Wie VMware unterstützt Microsoft mit seiner VDI-Software nur den eigenen Hypervisor, der mit Windows Server 2008 R2 in einer verbesserten Version ausgeliefert wird. Hyper-V erlaubt nun auch das Verschieben einer virtuellen Maschine auf einen anderen physikalischen Server während der Laufzeit ("Live Migration"). Allerdings reicht bei VDI nicht das manuelle Migrieren von Arbeitslasten, weil bei einer großen Zahl an zentralen Desktops die Anzahl der aktiven Benutzer stark fluktuieren kann, so dass die Virtualisierungssoftware selbst für eine optimale Auslastung der Ressourcen sorgen muss. Das als Add-on angebotene "Performance and Resource Optimization" ist indes kein vollwertiges Gegenstück zum "Distributed Resource Scheduler" von VMware. Hyper-V selbst setzt hier zudem noch einige Grenzen, etwa dadurch, dass pro physikalischem Host zu einem Zeitpunkt nur eine Live Migration ablaufen kann.

Zu den Nachteilen der Microsoft-Lösung zählen zudem, dass der Broker kein automatisches Provisioning von Desktops bietet, ältere Windows-Clients nur über das Web-Interface auf entfernte Desktops zugreifen können, ein eigener "Redirection Host" für die Zuteilung der virtuellen Rechner zu den Benutzern erforderlich und die Installation relativ umständlich ist.

Für die Trennung von Betriebssystem und Anwendungen, die Voraussetzung für ein von vielen Anwendern gemeinsam genutztes Windows-Image, bietet Microsoft App-V an, eine Software zur Anwendungsvirtualisierung. Außerdem besteht die Möglichkeit, ähnlich wie bei Citrix Programme über den Terminal-Server in den zentralen Desktop einzublenden.

Editionen

Die VDI-Suite gibt es in zwei Ausführungen, Standard und Premium. Beide sind nur über Volumenslizenzen zu beziehen.

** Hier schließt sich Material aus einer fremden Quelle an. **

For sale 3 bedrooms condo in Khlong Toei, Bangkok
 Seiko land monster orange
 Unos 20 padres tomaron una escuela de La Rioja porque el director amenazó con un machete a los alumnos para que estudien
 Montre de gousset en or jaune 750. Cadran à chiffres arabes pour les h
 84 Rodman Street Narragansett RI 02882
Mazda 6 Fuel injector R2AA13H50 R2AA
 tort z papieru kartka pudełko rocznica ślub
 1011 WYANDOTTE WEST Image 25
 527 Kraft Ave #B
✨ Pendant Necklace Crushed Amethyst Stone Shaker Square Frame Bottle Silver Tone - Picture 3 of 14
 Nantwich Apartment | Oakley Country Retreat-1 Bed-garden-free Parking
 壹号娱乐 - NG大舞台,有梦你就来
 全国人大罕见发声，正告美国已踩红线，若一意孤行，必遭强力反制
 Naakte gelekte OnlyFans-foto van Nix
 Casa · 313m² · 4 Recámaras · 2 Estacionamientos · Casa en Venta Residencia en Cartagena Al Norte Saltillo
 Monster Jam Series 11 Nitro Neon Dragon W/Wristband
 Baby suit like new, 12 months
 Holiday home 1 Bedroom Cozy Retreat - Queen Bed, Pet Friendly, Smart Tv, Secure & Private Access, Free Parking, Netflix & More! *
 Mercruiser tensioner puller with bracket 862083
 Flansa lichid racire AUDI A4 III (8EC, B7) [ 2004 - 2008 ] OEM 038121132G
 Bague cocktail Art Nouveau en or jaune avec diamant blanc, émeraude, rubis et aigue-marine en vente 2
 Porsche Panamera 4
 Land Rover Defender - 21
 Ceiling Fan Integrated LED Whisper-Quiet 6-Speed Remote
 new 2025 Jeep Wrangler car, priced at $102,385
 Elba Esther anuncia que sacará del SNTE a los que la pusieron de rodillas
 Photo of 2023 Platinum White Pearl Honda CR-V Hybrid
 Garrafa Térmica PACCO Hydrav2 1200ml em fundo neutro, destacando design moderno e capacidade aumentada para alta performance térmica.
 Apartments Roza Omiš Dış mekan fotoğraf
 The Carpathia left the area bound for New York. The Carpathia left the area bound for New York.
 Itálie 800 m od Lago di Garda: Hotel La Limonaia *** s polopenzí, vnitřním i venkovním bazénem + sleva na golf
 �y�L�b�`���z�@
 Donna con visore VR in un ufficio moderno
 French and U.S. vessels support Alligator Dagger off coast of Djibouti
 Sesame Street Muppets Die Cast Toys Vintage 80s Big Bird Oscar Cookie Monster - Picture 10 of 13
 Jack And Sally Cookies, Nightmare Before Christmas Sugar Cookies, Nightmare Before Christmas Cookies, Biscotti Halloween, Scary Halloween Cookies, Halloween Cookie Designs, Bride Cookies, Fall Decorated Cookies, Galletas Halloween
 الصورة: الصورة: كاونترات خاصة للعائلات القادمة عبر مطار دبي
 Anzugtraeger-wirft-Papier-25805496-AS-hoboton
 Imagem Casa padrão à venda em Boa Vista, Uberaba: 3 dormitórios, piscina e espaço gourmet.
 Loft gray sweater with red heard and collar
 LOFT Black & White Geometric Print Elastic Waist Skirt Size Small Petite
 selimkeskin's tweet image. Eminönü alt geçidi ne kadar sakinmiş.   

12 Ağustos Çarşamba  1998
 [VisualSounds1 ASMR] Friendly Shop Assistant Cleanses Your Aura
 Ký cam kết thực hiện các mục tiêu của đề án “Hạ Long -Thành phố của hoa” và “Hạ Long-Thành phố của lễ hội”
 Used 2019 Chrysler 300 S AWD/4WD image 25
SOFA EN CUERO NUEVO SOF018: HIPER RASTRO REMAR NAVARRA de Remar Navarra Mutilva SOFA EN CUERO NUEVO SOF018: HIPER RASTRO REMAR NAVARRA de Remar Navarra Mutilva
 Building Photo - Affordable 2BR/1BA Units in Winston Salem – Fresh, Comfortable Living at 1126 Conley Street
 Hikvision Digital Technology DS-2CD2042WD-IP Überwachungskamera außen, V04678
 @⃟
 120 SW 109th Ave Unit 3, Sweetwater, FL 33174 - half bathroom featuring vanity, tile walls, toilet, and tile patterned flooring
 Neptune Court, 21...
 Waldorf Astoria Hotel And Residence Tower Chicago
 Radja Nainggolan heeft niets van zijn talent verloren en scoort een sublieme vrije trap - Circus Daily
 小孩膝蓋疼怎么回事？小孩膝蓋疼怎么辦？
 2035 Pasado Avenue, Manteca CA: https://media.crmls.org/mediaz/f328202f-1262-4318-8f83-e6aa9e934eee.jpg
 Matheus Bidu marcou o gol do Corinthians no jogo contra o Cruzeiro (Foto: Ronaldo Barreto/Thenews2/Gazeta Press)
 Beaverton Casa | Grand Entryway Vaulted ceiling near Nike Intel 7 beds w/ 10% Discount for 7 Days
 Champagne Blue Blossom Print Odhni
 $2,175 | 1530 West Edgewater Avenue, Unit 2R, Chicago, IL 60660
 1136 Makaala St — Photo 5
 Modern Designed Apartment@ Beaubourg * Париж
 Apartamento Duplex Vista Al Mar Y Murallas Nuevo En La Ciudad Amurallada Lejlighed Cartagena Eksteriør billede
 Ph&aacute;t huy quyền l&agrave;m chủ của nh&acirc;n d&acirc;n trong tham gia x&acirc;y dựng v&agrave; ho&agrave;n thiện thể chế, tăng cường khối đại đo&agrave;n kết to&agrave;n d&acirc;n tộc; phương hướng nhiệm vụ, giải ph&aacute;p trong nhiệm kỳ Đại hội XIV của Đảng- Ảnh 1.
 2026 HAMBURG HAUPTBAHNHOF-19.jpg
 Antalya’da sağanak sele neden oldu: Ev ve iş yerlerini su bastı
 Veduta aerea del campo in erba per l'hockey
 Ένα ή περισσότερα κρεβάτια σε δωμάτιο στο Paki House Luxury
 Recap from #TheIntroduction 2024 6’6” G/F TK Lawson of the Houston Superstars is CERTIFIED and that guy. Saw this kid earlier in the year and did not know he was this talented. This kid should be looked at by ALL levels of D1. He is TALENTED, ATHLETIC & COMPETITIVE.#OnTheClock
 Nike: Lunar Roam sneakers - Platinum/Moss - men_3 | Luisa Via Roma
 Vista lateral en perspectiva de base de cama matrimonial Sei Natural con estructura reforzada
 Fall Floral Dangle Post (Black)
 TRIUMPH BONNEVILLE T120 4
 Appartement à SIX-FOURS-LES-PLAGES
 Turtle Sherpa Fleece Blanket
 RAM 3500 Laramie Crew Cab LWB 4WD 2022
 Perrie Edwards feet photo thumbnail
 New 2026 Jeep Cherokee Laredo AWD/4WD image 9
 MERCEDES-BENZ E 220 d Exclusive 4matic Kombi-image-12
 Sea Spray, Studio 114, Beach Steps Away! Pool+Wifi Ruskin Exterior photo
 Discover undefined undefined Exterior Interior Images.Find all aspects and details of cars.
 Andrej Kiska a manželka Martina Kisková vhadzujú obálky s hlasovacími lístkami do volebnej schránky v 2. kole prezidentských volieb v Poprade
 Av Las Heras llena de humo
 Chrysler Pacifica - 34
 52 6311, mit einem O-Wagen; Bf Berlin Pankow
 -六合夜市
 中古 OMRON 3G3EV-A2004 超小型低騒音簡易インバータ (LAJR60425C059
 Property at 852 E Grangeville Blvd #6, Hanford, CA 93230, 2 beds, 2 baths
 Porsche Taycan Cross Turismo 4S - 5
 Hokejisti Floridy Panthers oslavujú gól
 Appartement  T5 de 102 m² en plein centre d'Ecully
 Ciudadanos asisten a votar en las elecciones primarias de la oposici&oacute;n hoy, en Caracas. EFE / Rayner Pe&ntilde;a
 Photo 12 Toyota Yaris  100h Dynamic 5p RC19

Die Standard-Version enthält die folgenden Komponenten:

  • Hyper-V Server 2008 R2

  • System Center Virtual Machine Manager 2008 R2, System Center Operations Manager 2007 R2, und System Center Configuration Manager 2007 R2

  • Microsoft Desktop Optimization Pack (MDOP), das unter anderem App-V und MED-V enthält

  • Einen Connection Broker als Komponente von Windows Server 2008 R2 Remote Desktop Services

Die Premium-Edition enthält zusätzlich:

  • Die kompletten Remote Desktop Services, so dass neben zentralen Desktops auch Terminal-Sessions unterstützt werden.

  • App-V für Remote Desktop Services

Desktop-Virtualisierung

Der Begriff Virtual Desktop Infrastructure (VDI) beschreibt ein Konzept, bei dem die Client-Installation in virtuelle Maschinen auf dem Server verlagert wird. Der Benutzer greift von einem Endgerät (Thin Client, PC) auf seinen Desktop über ein Remote Display Protocol zu, wie es vom Terminal-Server bekannt ist. Die Beschränkungen dieser Protokolle bei grafisch anspruchsvollen Anwendungen sind derzeit eine der größten Schwächen von VDI. Neben dem Protokoll für die Interaktion mit dem entfernten Desktop gehören ein Hypervisor zur Bereitstellung der virtuellen Maschinen, ein Connection Broker, der Benutzer mit ihrem Desktop verbindet, sowie Management-Werkzeuge zu einer vollständigen VDI-Lösung.